Other Biden administration efforts will help here as well. Liberalizing the terms of federal loans where repayment is based on future income, for instance, should decrease the burden on borrowers in workforce programs and prevent defaults on their loans, especially if they don’t complete their training. The administration’s new Gainful Employment regulations—which limit federal funding to programs where future interest payments are not burdensome and whose graduates clearly enjoy higher earnings compared to local high school graduates—will also help ensure that federal money isn’t siphoned off by weak programs, especially those at expensive for-profit colleges, that result in student defaults and don’t raise participant earnings very much.
Other Good Jobs Efforts
At least two other efforts by the Biden administration to create better jobs and train workers to fill them deserve some acknowledgment: the Good Jobs Challenge and the Good Jobs Initiative. Launched by the Commerce Department as part of the American Relief Plan Act, the Good Jobs Challenge is a competitive grant program that will distribute $500 million to local groups for workforce development tied to good jobs, with a heavy emphasis on distressed regions.
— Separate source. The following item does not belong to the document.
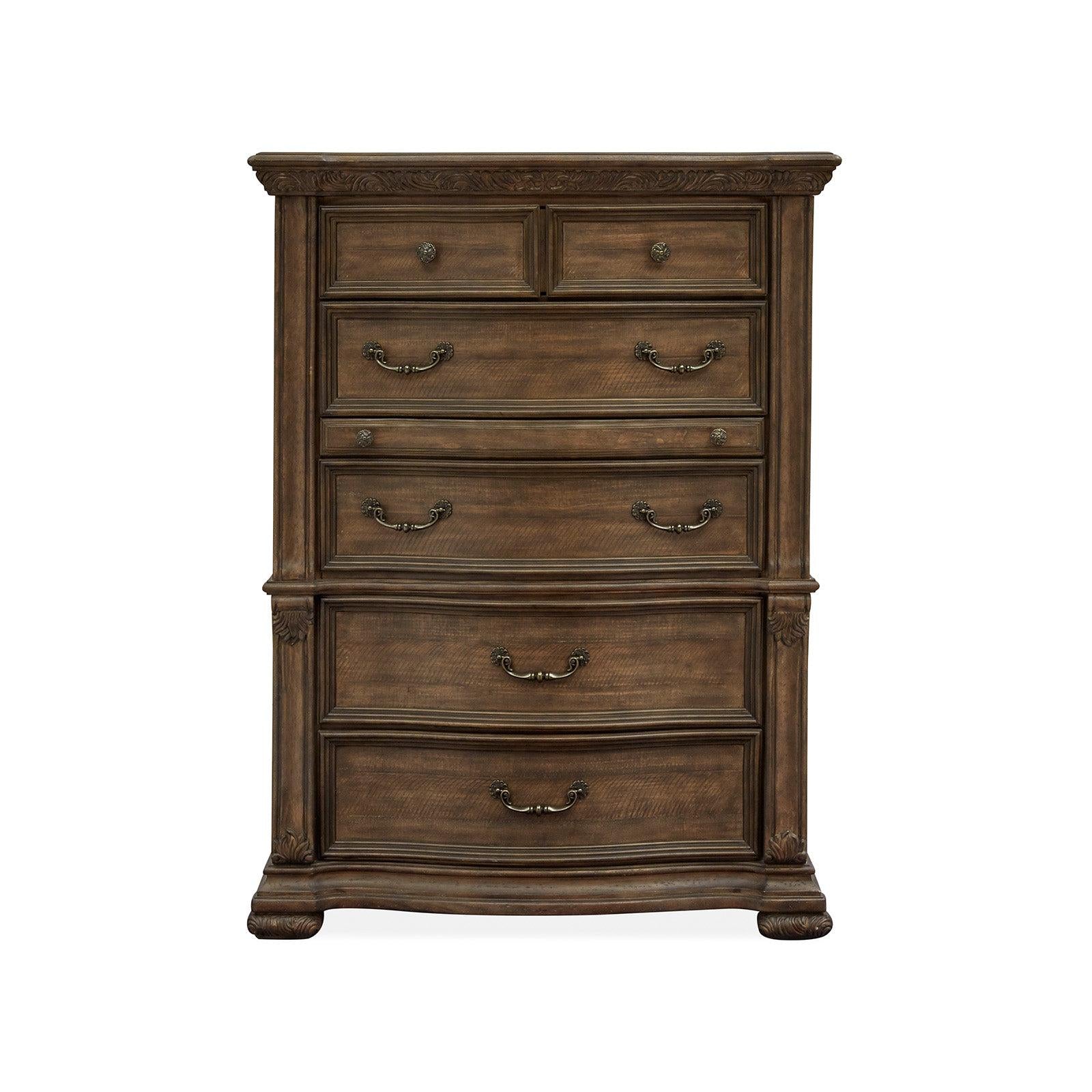 Magnussen Home Durango Willadeene Brown Drawer Chest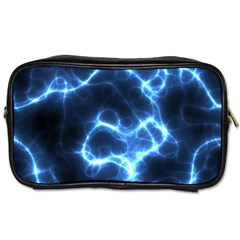 Electricity Blue Brightness Bright Toiletries Bag (two Sides)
And the Labor Department has launched its own Good Jobs Initiative to provide information and technical support to both workers and employers in efforts to improve job quality. Through partnerships with other federal agencies, it also seeks to embed support for good job creation in a wide range of federal grant programs.
Will It All Work?
Will Biden’s efforts succeed in creating large numbers of good jobs and reducing labor market inequality? Might they even indirectly spur the private sector to follow suit and create better jobs? Only time—and careful policy evaluation—will tell.
At a minimum, though, these particular strands of Bidenomics focus on the right goal: expanding economic opportunity to those without college and to struggling regions on top of its other major economic objectives. And the Biden administration should receive support and political credit for its bold attempts to achieve this goal.
Harry J. Holzer is the John LaFarge SJ Professor of Public Policy at the McCourt School of Public Policy, Georgetown University. He is also a Senior Fellow at Brookings and former Chief Economist of the US Department of Labor.